Dramma: un testo scritto di tipo narrativo, partitura, istruzione, scenario, piano o mappa. Il dramma viaggia nel tempo e nello spazio indipendentemente dalla persona che lo trasporta. Script: tutto ciò che può venir trasmesso attraverso il tempo e lo spazio; il codice fondamentale dell’evento. Lo script si trasmette da persona a persona e chi lo trasmette non è un semplice messaggero: deve conoscere lo script ed essere in grado di insegnarlo agli altri.

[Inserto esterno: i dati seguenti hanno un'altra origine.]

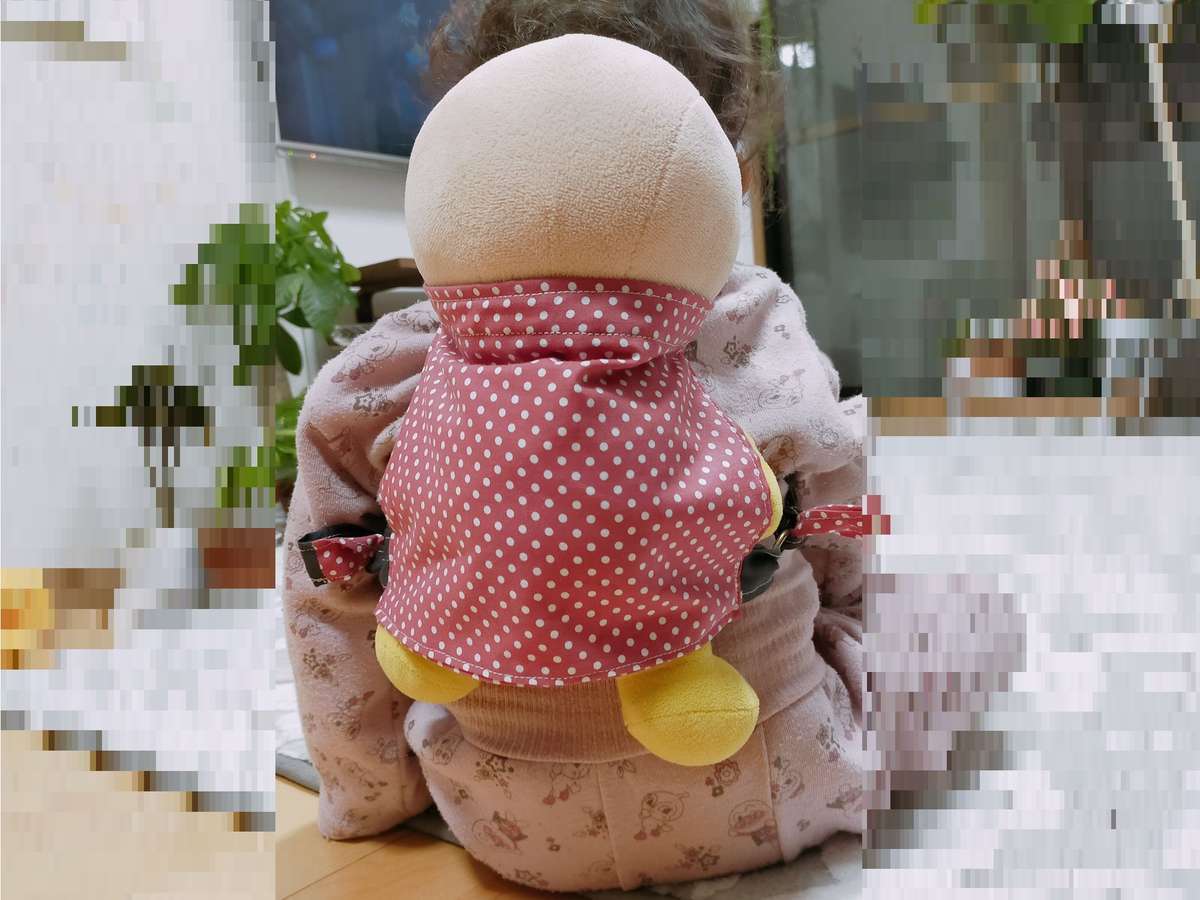 娘に人形用のエルゴ風抱っこ紐を作るの巻き : おうちのはなし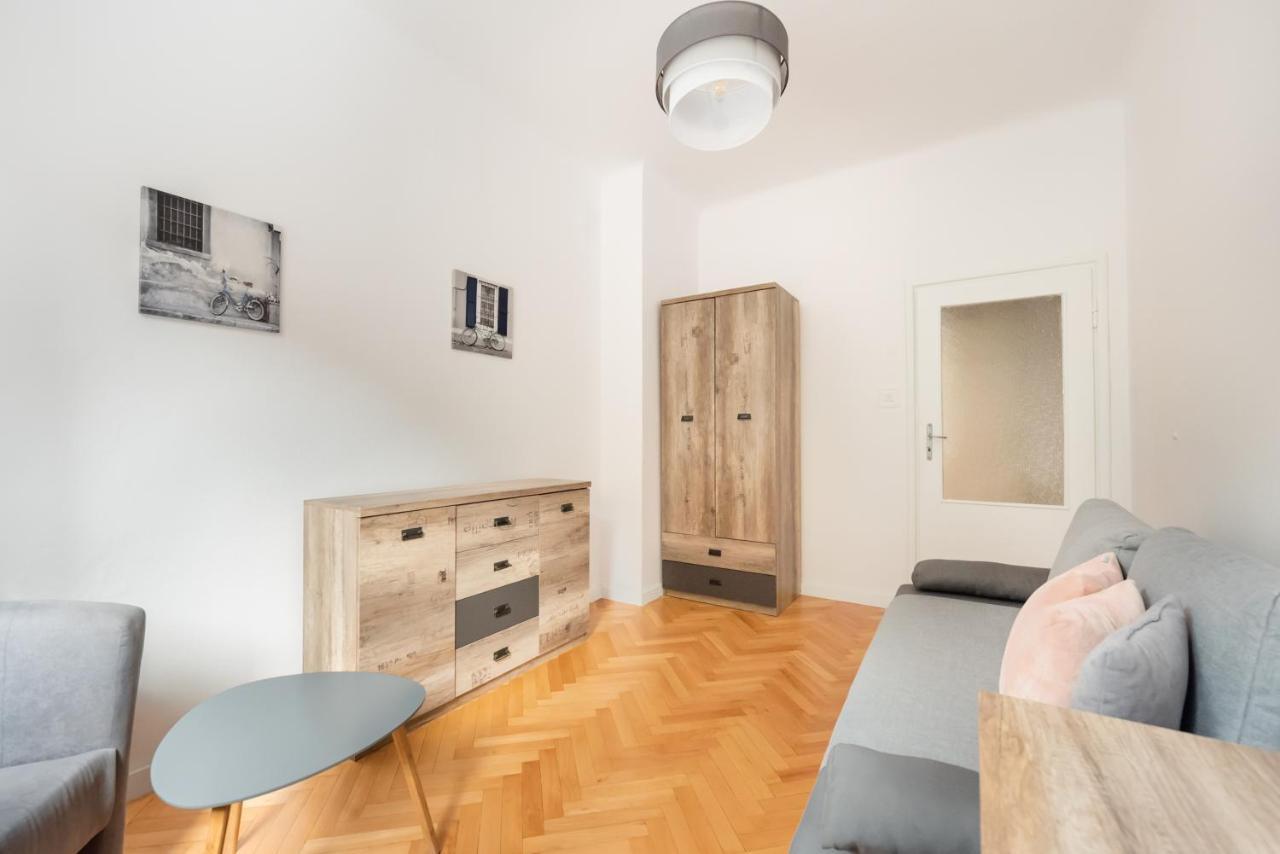 Plac Zbawiciela 3-Bedroom Apartment Varsovie Extérieur photo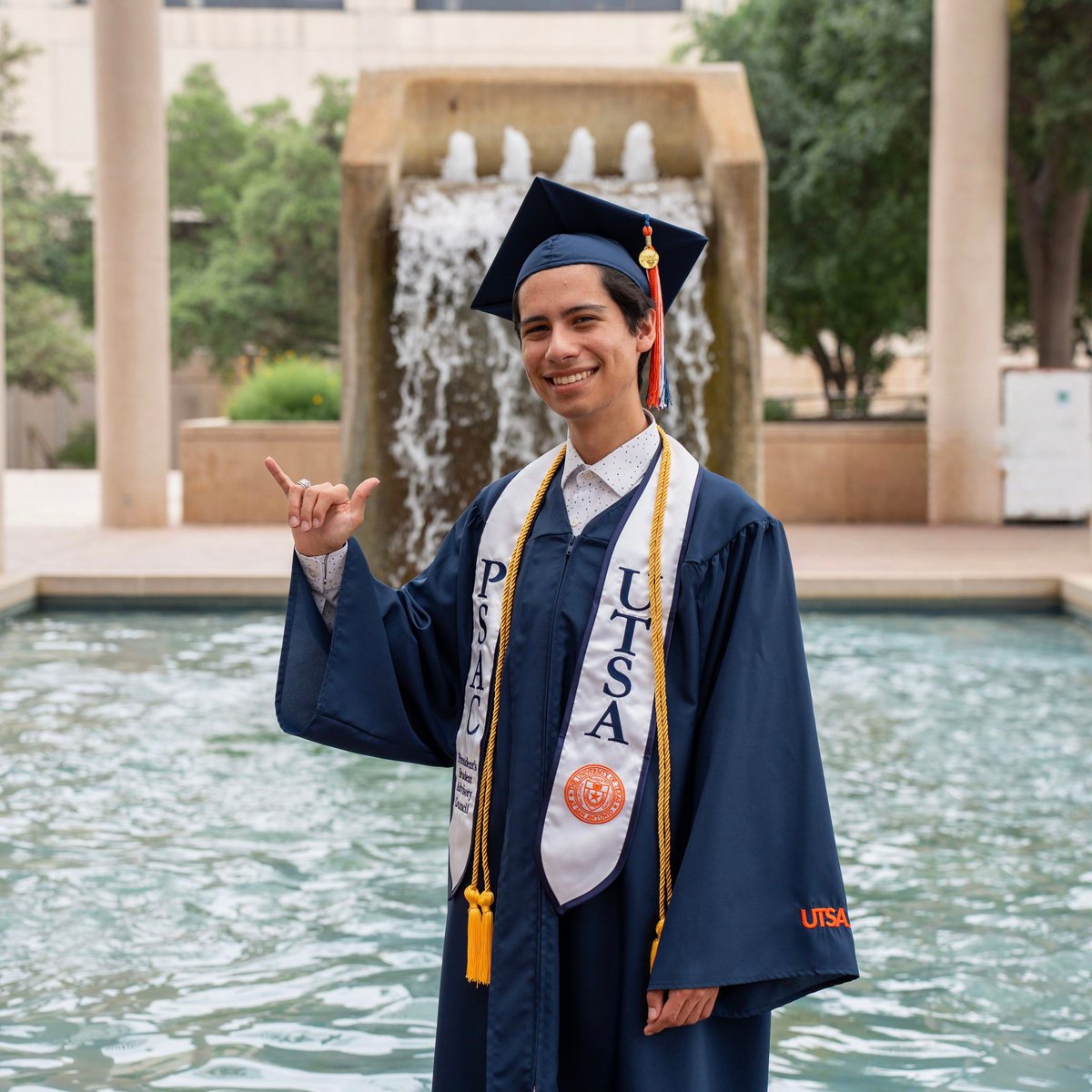 UTSACOLFA's tweet image. Today we celebrate the upcoming graduation of outgoing SGA President Aydan Villarreal, he is graduating with a BA in Political Science. 🥳 

🔗 Read his story at our link in bio.

#UTSAGrad25 #UTSACOLFA #UTSA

Un esempio di script è il codice dei movimenti nella danza balinese.
Anche se questa definizione di teatro è per me e per molti altri attualmente ri-definita in altre direzioni, ritengo che sia utile a creare coerenza per il contesto eterogeneo degli utenti del quesito che si sono rivolti alle pratiche artistiche del teatro.
Nella mia esperienza l’idea e la prassi del performare si è trasformata a partire dal teatro per passare dalla vita senza mondo al mondo: creare opere in modo più o meno strutturato rispondendo ai propri desideri ed ai contesti verso cui il proprio approccio alla vita conduce, tra scegliere ed essere scelte ci sono compromessi a volte organici, processuali, a volte immediati e violenti; a volte procedo da un desiderio estetico di superficie; fondamentalmente stare davanti agli altri, dire e agire, esserne consapevole e assumersene la profonda responsabilità.